Claudius Ptolemy offers Galileo a foil with more scientific substance.  Ptolemy’s exposition of the geocentric world system in the unreadably complex Almagest is a surprisingly empirical and scientific work. Ptolemy’s system of deferents and epicycles is a compelling, mathematically precise, vision of the world. To refute it, Galileo works through a detailed analysis of the parallax of various celestial bodies and their distances from the Earth. The argument is technical and subtle. Writing before the great tectonic shift from Euclid to Descartes, Galileo’s mathematical reasoning tends towards geometry as well. Here he argues with Ptolemy on the latter’s home turf. A good edition that reproduces the figures is essential, as the characters lean on them as much as the reader. When a character references a table of astronomical data, Galileo’s language leads one to vividly imagine the characters sitting around a table passing papers to one another as they eat and drink.
The third surprise nestled in the Dialogue is that it’s deeply unsatisfying.
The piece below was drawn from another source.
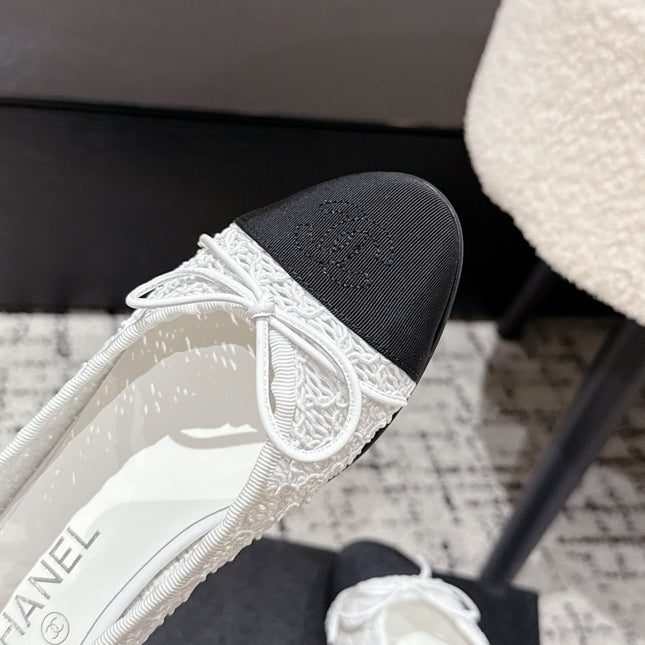 BALLET FLAT 25S IN WHITE MIX BLACK TWEED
It’d be tempting to say that, having read Galileo’s dialogue, I can answer the question about how we know the Earth goes around the Sun. The truth, though, is that I’ve just replaced one authority with another. I haven’t observed the phases of Venus, and I haven’t observed the parallax of the fixed stars (much less of the planets) that would let me work out the celestial mechanics on my own. Even so, reading Galileo’s argument is valuable. When I trust his authority, it’s an authority that I understand a little better than before. It’s an authority that’s grounded in reason and argument that I can wrestle with and assess critically. But if I want to add to the conversation myself, take a stand along with Ptolemy and Galileo, I need to telescope-up and start looking at the stars.
Too often we treat science as an Athena, sprung full grown and clothed from the head of Zeus. We trust our predecessors when they say that the Earth orbits the Sun without understanding how they came to believe that. We belittle people who disagree without understanding the arguments that make us correct. It turns out that the story of scientific discovery is always messy, usually fascinating, often wildly contingent, and occasionally well told. Whenever we can grapple with not only the results of scientific inquiry, but also the story behind it, we should. In his preface to the Dialogue, Einstein writes that, “[t]he leitmotif which I recognize in Galileo’s work is the passionate fight against any kind of dogma based on authority.” Galileo would rue his fate; like Aristotle before him, he’s become an authority, chalky and dead. We can rescue him from that cruel fate by listening carefully to the scientific conversation and the adding our voices to the tumultous banter.
 See http://www.gallup.com/poll/3742/new-poll-gauges-americans-general-knowledge-levels.aspx
 An astute reader pointed out to me that I beg the question here, so ingrained is the heliocentric system in my mental picture of the universe.
 Galileo, The Dialogue, p. 131
 Ptolemy will be the subject of another post, I hope. He deserves far more credit as a scientist than we’re inclined to give him.